WHAT IS EXPECTED: The records below must be returned exactly, with every picture left out.

/---

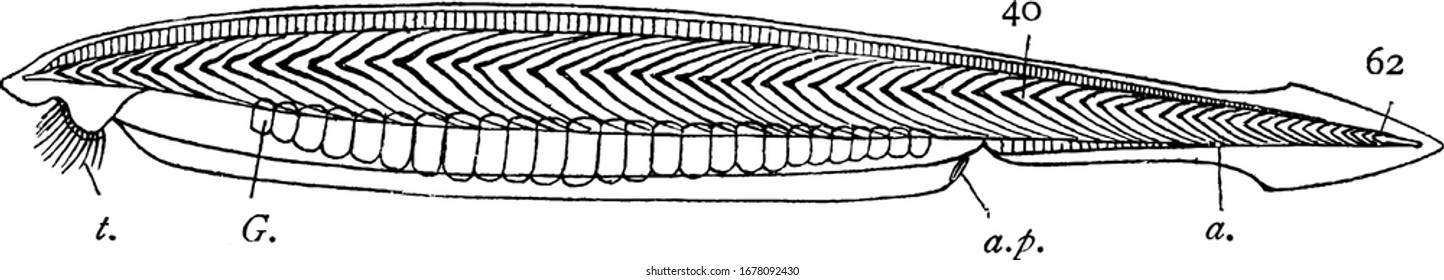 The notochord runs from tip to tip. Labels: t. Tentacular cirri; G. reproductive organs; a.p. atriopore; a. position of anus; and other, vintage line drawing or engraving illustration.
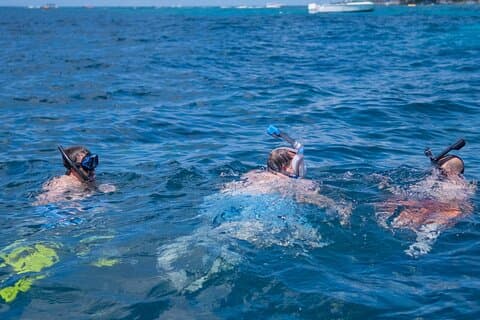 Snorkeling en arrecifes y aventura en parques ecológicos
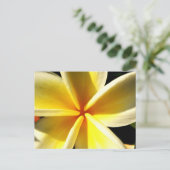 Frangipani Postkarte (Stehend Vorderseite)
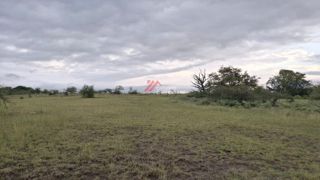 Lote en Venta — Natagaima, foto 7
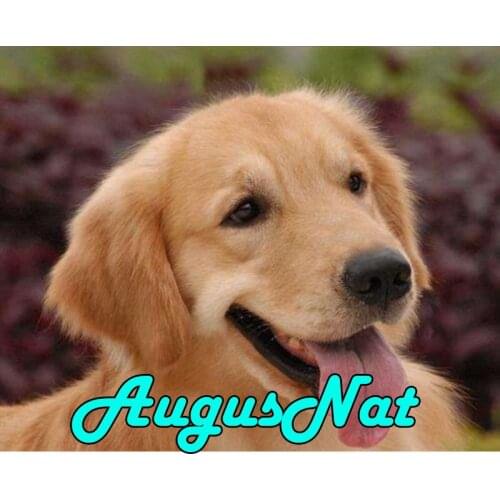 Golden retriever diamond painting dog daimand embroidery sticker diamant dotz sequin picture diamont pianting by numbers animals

\---

TASK ANSWER:
 The notochord runs from tip to tip. Labels: t. Tentacular cirri; G. reproductive organs; a.p. atriopore; a. position of anus; and other, vintage line drawing or engraving illustration.
 Snorkeling en arrecifes y aventura en parques ecológicos
 Frangipani Postkarte (Stehend Vorderseite)
 Lote en Venta — Natagaima, foto 7
 Golden retriever diamond painting dog daimand embroidery sticker diamant dotz sequin picture diamont pianting by numbers animals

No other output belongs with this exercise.